Le temps passe et les incertitudes face au réchauffement climatique s’intensifient. Peu à peu, une prise de conscience générale place le bois comme un atout dans la transition énergétique et dans la lutte contre le réchauffement climatique. Le principe de multifonctionnalité de la forêt est plus que jamais d'actualité.

Aujourd’hui, l’Office national des forêts produit du bois et accueille le public tout en protégeant la biodiversité.

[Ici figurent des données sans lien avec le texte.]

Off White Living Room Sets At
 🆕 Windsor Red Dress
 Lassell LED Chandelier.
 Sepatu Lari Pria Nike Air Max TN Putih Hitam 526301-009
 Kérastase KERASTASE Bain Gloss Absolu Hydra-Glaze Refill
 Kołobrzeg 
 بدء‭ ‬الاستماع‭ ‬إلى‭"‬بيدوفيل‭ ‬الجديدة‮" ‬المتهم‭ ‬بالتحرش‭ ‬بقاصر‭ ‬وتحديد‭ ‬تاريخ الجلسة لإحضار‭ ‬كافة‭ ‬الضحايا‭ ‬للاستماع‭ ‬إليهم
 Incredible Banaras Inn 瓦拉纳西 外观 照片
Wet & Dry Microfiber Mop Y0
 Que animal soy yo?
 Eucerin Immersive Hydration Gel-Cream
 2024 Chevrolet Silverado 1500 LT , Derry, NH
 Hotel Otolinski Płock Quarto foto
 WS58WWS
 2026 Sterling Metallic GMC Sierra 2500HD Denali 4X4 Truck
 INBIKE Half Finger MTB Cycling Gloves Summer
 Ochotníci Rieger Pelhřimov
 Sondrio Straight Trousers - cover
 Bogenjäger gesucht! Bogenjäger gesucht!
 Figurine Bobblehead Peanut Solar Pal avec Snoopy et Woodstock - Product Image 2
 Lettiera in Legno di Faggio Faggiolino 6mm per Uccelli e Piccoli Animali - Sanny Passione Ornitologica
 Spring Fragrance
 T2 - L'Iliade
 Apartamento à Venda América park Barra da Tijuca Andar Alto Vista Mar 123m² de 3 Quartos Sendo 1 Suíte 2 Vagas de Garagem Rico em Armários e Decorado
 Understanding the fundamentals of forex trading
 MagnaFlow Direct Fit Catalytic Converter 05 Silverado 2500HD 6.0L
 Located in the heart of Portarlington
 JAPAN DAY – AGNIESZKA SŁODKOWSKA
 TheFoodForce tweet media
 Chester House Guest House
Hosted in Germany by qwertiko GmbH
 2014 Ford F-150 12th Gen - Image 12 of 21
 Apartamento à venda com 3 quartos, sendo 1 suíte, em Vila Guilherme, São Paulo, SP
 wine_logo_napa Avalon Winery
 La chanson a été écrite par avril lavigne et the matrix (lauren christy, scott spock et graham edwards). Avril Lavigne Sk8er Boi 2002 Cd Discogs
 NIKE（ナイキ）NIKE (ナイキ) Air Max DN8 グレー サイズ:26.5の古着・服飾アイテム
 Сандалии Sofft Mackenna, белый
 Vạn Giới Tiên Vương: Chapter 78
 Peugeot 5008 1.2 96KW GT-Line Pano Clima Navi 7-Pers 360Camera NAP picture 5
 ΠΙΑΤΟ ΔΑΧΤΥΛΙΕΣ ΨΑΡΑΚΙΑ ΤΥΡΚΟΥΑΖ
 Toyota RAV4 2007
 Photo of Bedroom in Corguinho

Forêt de Larivour - ©Felix Vigne / ONF

Le saviez-vous ?

L'ONF a signé une convention avec le Groupe d’histoire des forêts françaises (GHFF). Cette association à vocation scientifique fondée en 1982 étudie les forêts, les patrimoines et les héritages sylvicoles et partage les connaissances sur les espaces forestiers. Le groupe compte près de 200 membres, adhérents fidèles et participants occasionnels, universitaires, chercheurs, étudiants, mais aussi gestionnaires et ingénieurs forestiers. Le GHFF est composé d’historiens, géographes, archéologues, historiens de l’art, historiens du droit, juristes, sociologues, ethnologues, anthropologues, écologues, agronomes. 

L’ONF soutient notamment le GHFF pour l’organisation de journées d’études et de sessions sur le terrain.